Circular Polarimetry of Suspect Wind-accreting Magnetic pre-Polars

TL;DR

This study uses circular polarimetry to identify and analyze magnetic white dwarf binaries, revealing strong magnetic fields, wind accretion effects, and complex magnetic configurations, thus informing models of magnetic CV evolution.

Contribution

It provides the first polarimetric confirmation of wind-accreting magnetic white dwarf binaries and explores their magnetic field structures and implications for stellar evolution.

Findings

White dwarfs have magnetic fields > 80 MG.

Cyclotron emission dominates optical luminosity in some systems.

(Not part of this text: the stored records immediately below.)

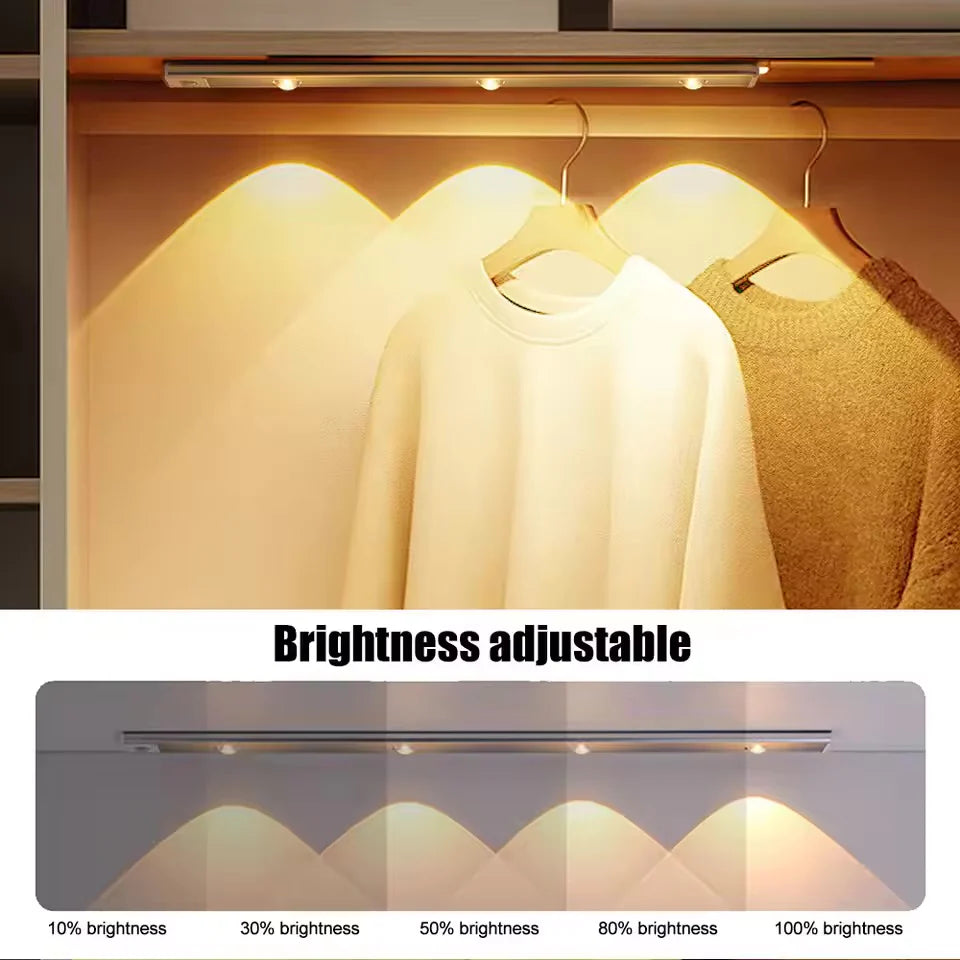 LED Wireless Light Strip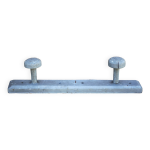 Porte - manteau mural vintage, porte - manteau bois, patères bois Porte - manteau mural vintage, porte - manteau bois, patères bois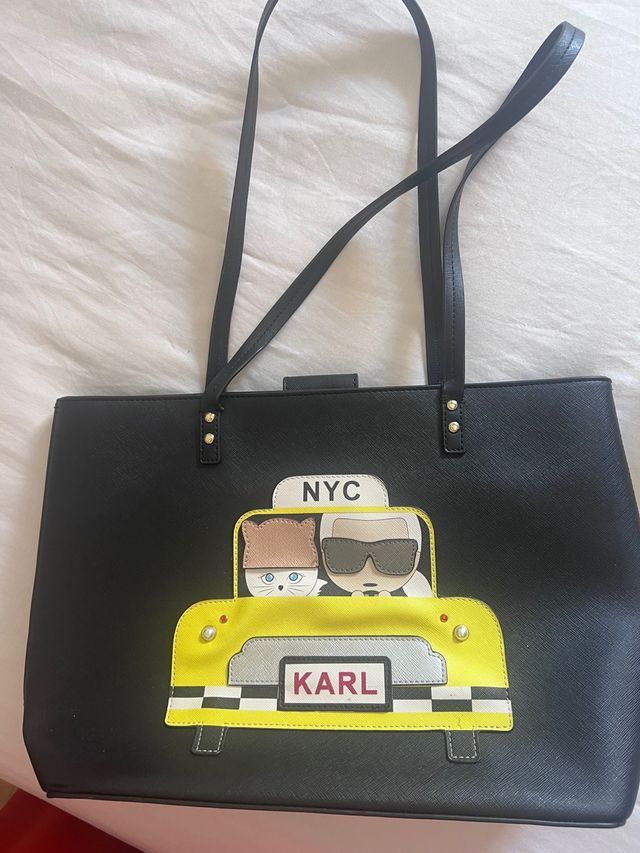Bolsa Karl Lagerfeld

Magnetic field configurations can be very complex.

Abstract

We present results from a circular polarimetric survey of candidate detached magnetic white dwarf - M dwarf binaries obtained using the Nordic Optical Telescope, La Palma. We obtained phase resolved spectropolarimetry and imaging polarimetry of seven systems, five of which show clearly variable circular polarisation. The data indicate that these targets have white dwarfs with magnetic field strengths > 80 MG. Our study reveals that cyclotron emission can dominate the optical luminosity at wavelengths corresponding to the cyclotron emission harmonics, even in systems where the white dwarfs are only wind-accreting. This implies that a very significant fraction of the the stellar wind of the companion star is captured by the magnetic white dwarf reducing the magnetic braking in pre-CVs. Furthermore, the polarimetric confirmation of several detached, wind-accreting magnetic systems provides observational constraints on the models of magnetic CV evolution and white dwarf magnetic field generation. We also find that the white dwarf magnetic field configuration in at least two of these systems appears to be very complex.